I believe dragons were the ultimate force in Melkor's army. Unfortunately, they appear to have bred very slowly, more's the pity...


----------



## Illuin (Nov 22, 2008)

> by username
> _Ancalagon was roughly the size of a small planet. (He "blotted out the sun," for one, and was so heavy that he obliterated Thangorodrim in his fall from the sky. Wasn't Thangorodrim the highest mountain with the exception of Taniquetil?)_


 
Well, let’s not overstate things here. Mercury is the "_smallest_" planet in the solar system (unless you still consider Pluto "a planet"). Mercury’s diameter is 3,031 miles (4,878 km) in diameter (roughly the distance between New York and San Francisco - or in Middle-Earth terminology; far larger than Beleriand and Middle Earth combined (including the land of Haradwaith). If something the size of Mercury were to fall on Thangorodrim, Arda itself (the Earth) would split in half (in reality, disintegrate). Perhaps Ancalagon was roughly the size of a small skyscraper; not a small planet .



> by chrysophalax
> _I believe dragons were the ultimate force in Melkor's army._


 

Agreed! Nothing even comes close.


----------



## Bucky (Dec 4, 2008)

From what I've read in other threads, the overall feeling seems to be that Morgoth is top dog, with Sauron and Gothmog being equal in rank (i.e. they cannot order each other to do anything and answer only to Morgoth), 

*Well, Sauron was in charge of Angband when Morgoth left to visit the 'newly arisen' Men in the East, so Gothmog answered to him then.....

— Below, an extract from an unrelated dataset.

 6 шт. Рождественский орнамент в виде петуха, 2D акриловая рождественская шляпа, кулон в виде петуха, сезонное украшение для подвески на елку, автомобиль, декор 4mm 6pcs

And there's no evidence they were equal - people just say that.

Tolkien plainly states that Sauron was a much greater spirit than the Balrogs were.

As far as military leaders, Gothmog is called 'High captain', but after Glaurung reaches full maturity, we see him leading the Battle of Sudden flame, not Blarogs (I believe this is also in later versions, which The Simarillion is almost taken word for word from), probably leading the 'Eastern Front' in the Fifth Battle & leading the army into Western Beleriand that sacks Nargothrond. It seems, therefore, that Glaurung does take over the majority of the active military leadership after his time comes.


As far as Earendil vs Ancalagon, I always thought that tale was a bunch of nonsense with difficulty believing.

Remember that Tolkien himself conceived of The Silmarillion as a bunch of stories handed down second & third hand through Elves to Men from a far distant past......

Is it to be taken literally or as a 'legend'?

I wonder if Tolkien's analytical mind would've allowed this story to be published 'as is'. *


----------



## username (Dec 5, 2008)

Bucky said:


> *Well, Sauron was in charge of Angband when Morgoth left to visit the 'newly arisen' Men in the East, so Gothmog answered to him then.....*


The Angband thing could be rationalized by arguing for the of division of duties idea. Morgoth puts Sauron in charge since he's a better schemer than fighter, whereas for Gothmog the reverse is true. 

But what if there had been an attack on Angband in Morgoth's absence? Maybe Sauron would still be the one drawing up a general strategy, but could he really have ordered Gothmog to stay off the battlefield if the guy really wanted to go bash some skulls? Could he have commanded the other balrogs to do what he said, or would they only acquiesce if Gothmog gave his approval? After all, his title wasn't just _High Captain of Angband_--it was also _Lord of the Balrogs_. 


> *And there's no evidence they were equal - people just say that.*



Well, there's no evidence either way, so it's arguable. 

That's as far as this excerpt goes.